本発明においては、負極端子板の負極剤と接する面に、インジウムおよび/またはビスマスを0.1〜3質量%含む亜鉛合金被膜が形成されていることを要するが、このインジウムとビスマスはそれぞれ単独で亜鉛合金中に含まれていてもよいし、また、インジウムとビスマスが併存した状態で亜鉛合金中に含まれていてもよい。そして、本発明においては、上記亜鉛合金被膜に関して、インジウムおよび/またはビスマスを0.1〜30質量%含んでいることを要するが、これは、インジウムおよび/またはビスマスの含有量が0.1質量%より少なくても、また、30質量%より多くても、負極端子板からの水素ガスの発生を充分に抑制することができないからであり、このインジウムおよび/またはビスマスの亜鉛合金中の含有量としては、0.1質量%以上の範囲内で、20質量%以下が好ましく、特に10質量%以下が好ましい。そして、本発明において、この亜鉛合金被膜における亜鉛合金という概念には、通常にいう亜鉛合金(すなわち、亜鉛に合金元素としてのインジウムおよび/またはビスマスが溶解しているもの)だけではなく、亜鉛の表面や粒界にインジウムやビスマスの状態で存在しているものも含んでいる。
負極端子板は、通常、負極剤と接する面は銅または黄銅などの銅合金で構成され、その本体部分はステンレス鋼で構成され、外面側、すなわち、負極剤と接する面と反対側の面はニッケルで構成される。この負極端子板において、負極剤と接する面を銅または銅合金で構成するのは、亜鉛との局部電池の形成を抑制するためであるが、本体部分をステンレス鋼で構成することや外面側をニッケルで構成することは必ずしも必要でなく、他の材料で構成してもよいし、負極剤と接する面も亜鉛と局部電池を形成しないものであれば、銅または銅合金でなくてもよい。

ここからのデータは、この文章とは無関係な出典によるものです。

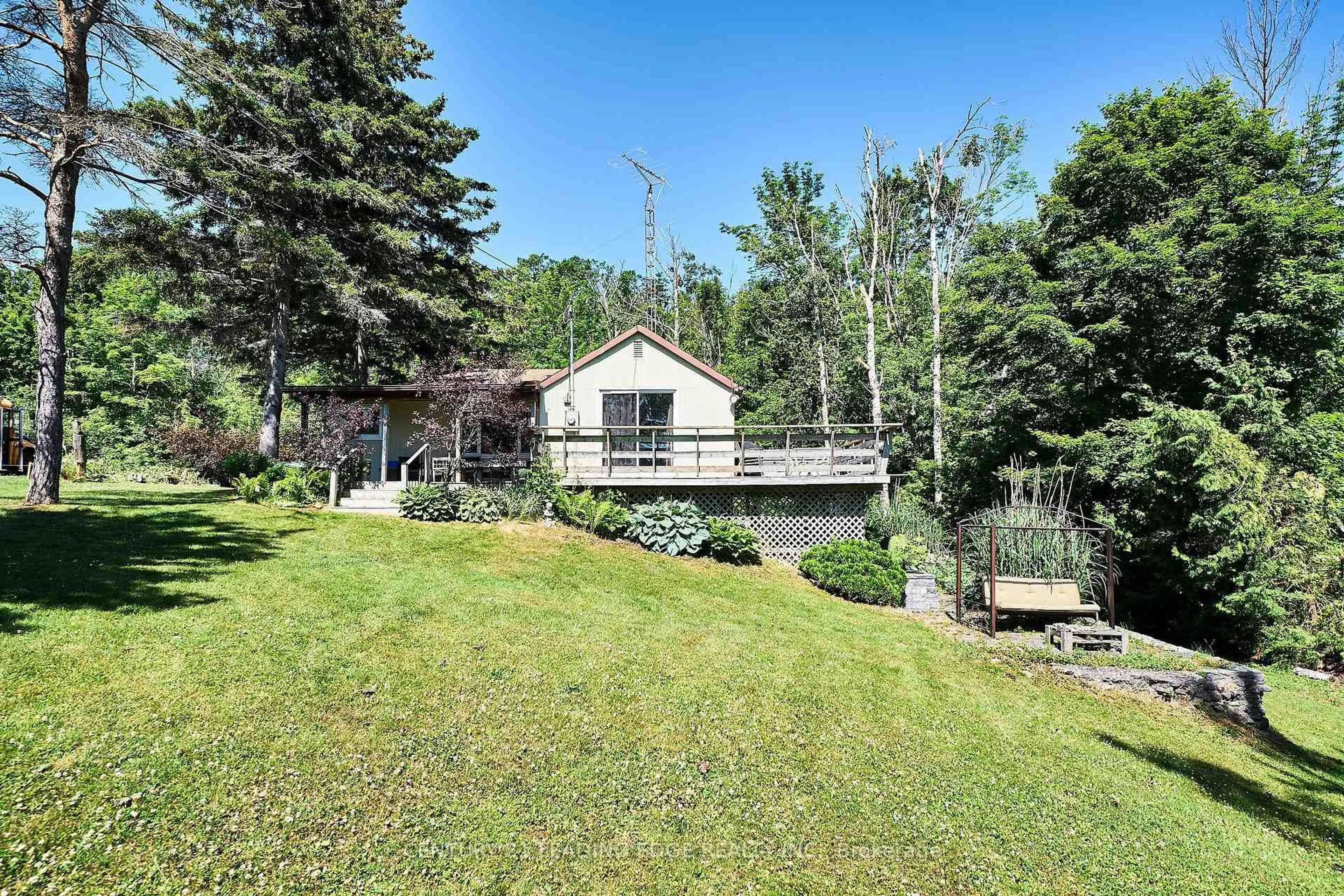 A pic from outside/outdoor area/front of a property/back of a property/a pic from drone, water/lake/river/ocean view for 225 Arnott Dr, Selwyn Ontario K0L 1T0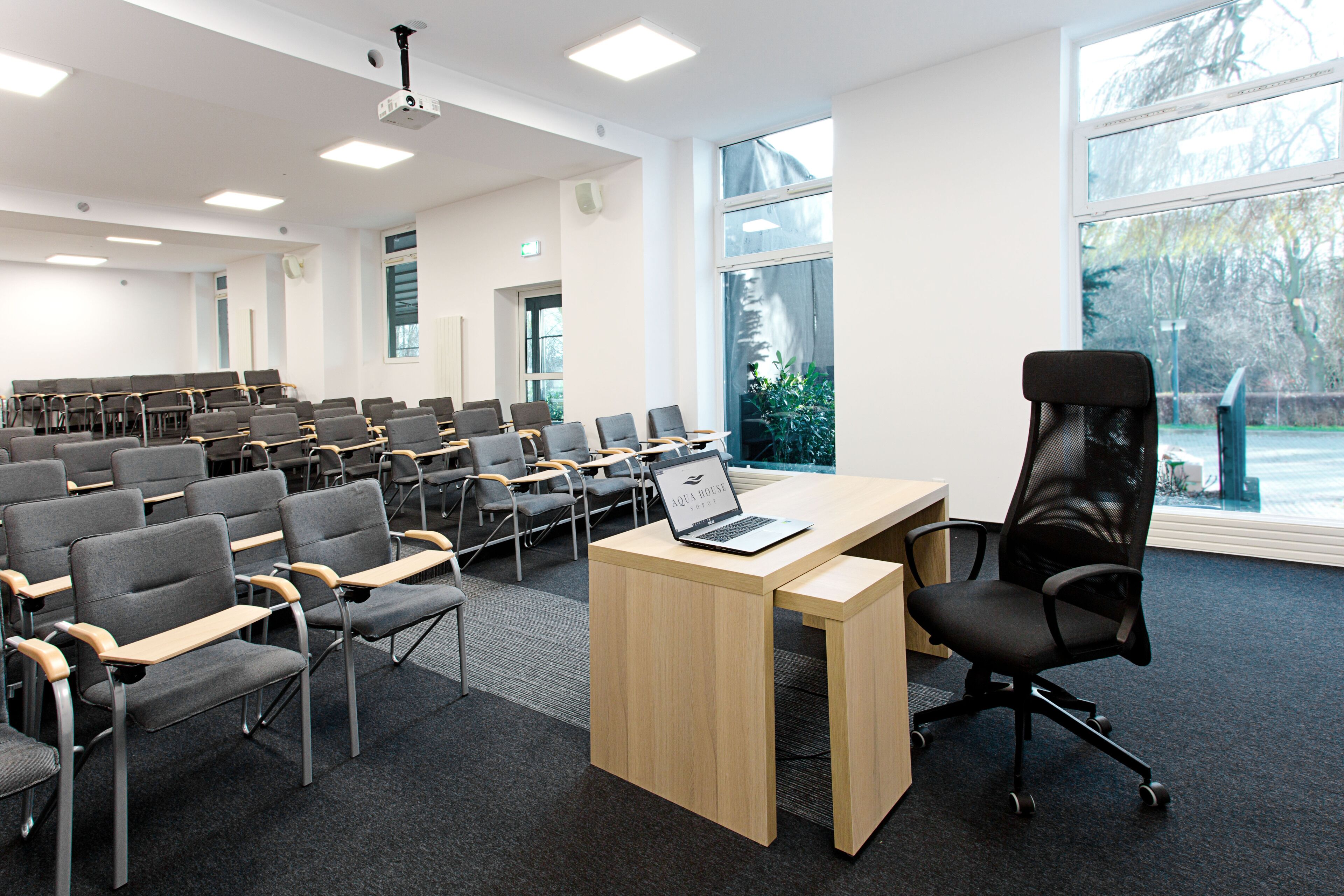 A conference room with rows of chairs, a wooden table with a laptop, and large windows with a view of trees.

負極剤は、基本的には、無水銀の亜鉛または亜鉛合金からなる負極活物質に必要に応じて添加されるポリアクリル酸ソーダ、カルボキシメチルセルロースなどのゲル化剤を含み、これにアルカリ電解液を加えることによって構成されるが、前記負極端子板の負極剤と接する面を被覆するインジウムおよび/またはビスマスを含む被膜は、この負極剤にインジウムおよび/またはビスマス化合物を添加しておくことによって、電池内で形成することができる。すなわち、負極剤中に添加したインジウム化合物および/またはビスマス化合物がアルカリ電解液中に溶解し、そのインジウム化合物および/またはビスマス化合物中のインジウムおよび/またはビスマスを含んだ状態で亜鉛合金被膜が負極端子板の負極剤と接する面に形成される。ただし、上記インジウムおよび/またはビスマスを含む亜鉛合金被膜は、あらかじめ電池外で負極端子板の負極剤と接する面となる部分に形成しておいてもよい。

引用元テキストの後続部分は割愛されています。